The Kubernetes API server flag disable-admission-plugins takes a comma-delimited list of admission control plugins to be disabled, even if they are in the list of plugins enabled by default.

kube-apiserver --disable-admission-plugins=PodNodeSelector,AlwaysDeny ...

To see which admission plugins are enabled by default:

kube-apiserver -h | grep enable-admission-plugins
$ docker run --rm -it k8s.gcr.io/kube-apiserver:v1.22.3 kube-apiserver -h | grep enable-admission-plugins
      --enable-admission-plugins strings       admission plugins that should be enabled in addition to default enabled ones (NamespaceLifecycle, LimitRanger, ServiceAccount, TaintNodesByCondition, PodSecurity, Priority, DefaultTolerationSeconds, DefaultStorageClass, StorageObjectInUseProtection, PersistentVolumeClaimResize, RuntimeClass, CertificateApproval, CertificateSigning, CertificateSubjectRestriction, DefaultIngressClass, MutatingAdmissionWebhook, ValidatingAdmissionWebhook, ResourceQuota).
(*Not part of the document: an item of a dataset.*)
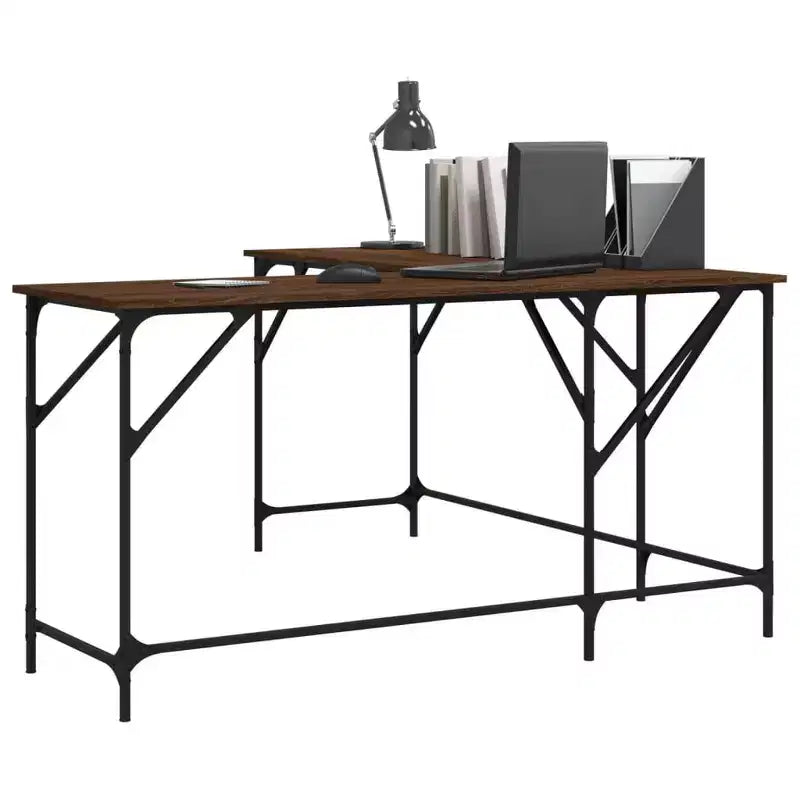 Bureau en bois d’ingénierie en chêne brun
Comma-delimited list of admission plugins: AlwaysAdmit, AlwaysDeny, AlwaysPullImages, CertificateApproval, CertificateSigning, CertificateSubjectRestriction, DefaultIngressClass, DefaultStorageClass, DefaultTolerationSeconds, DenyServiceExternalIPs, EventRateLimit, ExtendedResourceToleration, ImagePolicyWebhook, LimitPodHardAntiAffinityTopology, LimitRanger, MutatingAdmissionWebhook, NamespaceAutoProvision, NamespaceExists, NamespaceLifecycle, NodeRestriction, OwnerReferencesPermissionEnforcement, PersistentVolumeClaimResize, PersistentVolumeLabel, PodNodeSelector, PodSecurity, PodSecurityPolicy, PodTolerationRestriction, Priority, ResourceQuota, RuntimeClass, SecurityContextDeny, ServiceAccount, StorageObjectInUseProtection, TaintNodesByCondition, ValidatingAdmissionWebhook. The order of plugins in this flag does not matter.

1.2. Dynamic Admission Control

In addition to compiled-in admission plugins, admission plugins can be developed as extensions and run as webhooks configured at runtime.

Admission webhooks are HTTP callbacks that receive admission requests and do something with them. You can define both validating admission webhook and mutating admission webhook admission webhooks.

The webhook handles the AdmissionReview request sent by the apiservers, and sends back its decision as an AdmissionReview object in the same version it received.

Mutating admission webhooks are invoked first, and can modify objects sent to the API server to enforce custom defaults. After all object modifications are complete, and after the incoming object is validated by the API server, validating admission webhooks are invoked and can reject requests to enforce custom policies.

You can dynamically configure what resources are subject to what admission webhooks via ValidatingWebhookConfiguration or MutatingWebhookConfiguration.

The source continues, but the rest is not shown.